If so, we should close it not reproducible.

As for the second problem...one can expect proc_io to
hang, depending on the size of the data and the
system pipe buffers.  This is a standard gotcha.
It can be avoided by having one thread to read from "ls -l"
and write to "sort", and another thread to read from "sort".

Consider this extract from "man perlfunc"

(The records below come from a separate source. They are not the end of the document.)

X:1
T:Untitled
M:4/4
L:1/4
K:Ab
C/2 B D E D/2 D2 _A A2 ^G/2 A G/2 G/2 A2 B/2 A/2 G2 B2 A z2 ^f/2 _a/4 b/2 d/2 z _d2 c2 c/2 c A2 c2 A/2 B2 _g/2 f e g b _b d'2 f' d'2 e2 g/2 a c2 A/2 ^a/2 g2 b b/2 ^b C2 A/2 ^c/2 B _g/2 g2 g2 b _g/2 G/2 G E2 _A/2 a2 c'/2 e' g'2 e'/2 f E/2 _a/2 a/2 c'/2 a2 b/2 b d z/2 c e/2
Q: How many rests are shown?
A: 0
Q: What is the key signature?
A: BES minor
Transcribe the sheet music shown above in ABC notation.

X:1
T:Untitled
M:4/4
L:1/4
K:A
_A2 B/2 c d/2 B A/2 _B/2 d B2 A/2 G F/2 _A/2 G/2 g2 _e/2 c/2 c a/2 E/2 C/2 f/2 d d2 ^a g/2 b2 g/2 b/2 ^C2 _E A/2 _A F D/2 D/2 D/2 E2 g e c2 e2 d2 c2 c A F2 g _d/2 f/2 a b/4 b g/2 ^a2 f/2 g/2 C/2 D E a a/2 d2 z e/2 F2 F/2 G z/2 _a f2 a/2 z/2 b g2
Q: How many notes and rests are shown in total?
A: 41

             Opens a pair of connected pipes like the
             corresponding system call.  Note that if you set up
             a loop of piped processes, deadlock can occur unless
             you are very careful. 

This issue should be closed "not a bug".
###@###.### 2003-09-12

The evaulator states tthat the program "test" should work. So it seems
this bug report shouldn't be closed as "not a bug" since the original and
main focus of the bug report is the program "test" and that is still
reproducible with JDK 1.5 beta2 (build 43) on Windows 98/SE. It hangs there.
But as the previous evaluator notes, it exits properly on Windows 2000 and XP.
This bug was the cause of 5007388 which also manifests only on windows 9X.

###@###.### 2004-03-29

I took another look at this bug.
I used a variant of the submitter's program

public class Bug {
    public static void main (String[] args) throws Throwable {
	Process proc = Runtime.getRuntime().exec("cat");
	int n = proc.waitFor();
	if (n != 0) throw new Error(""+n);

On Windows 2000, this hangs on JDK 1.1.6 - 1.1.8,
but works fine on JDK 1.2+

The JDK (and Microsoft!) no longer support Win98 or Windows NT, 
and I no longer have a Win98 test machine around, 
and no one knows the underlying cause or has a fix.
Is it time to close this bug?

Friday the 13th is a good day for this long-suffering bug to die.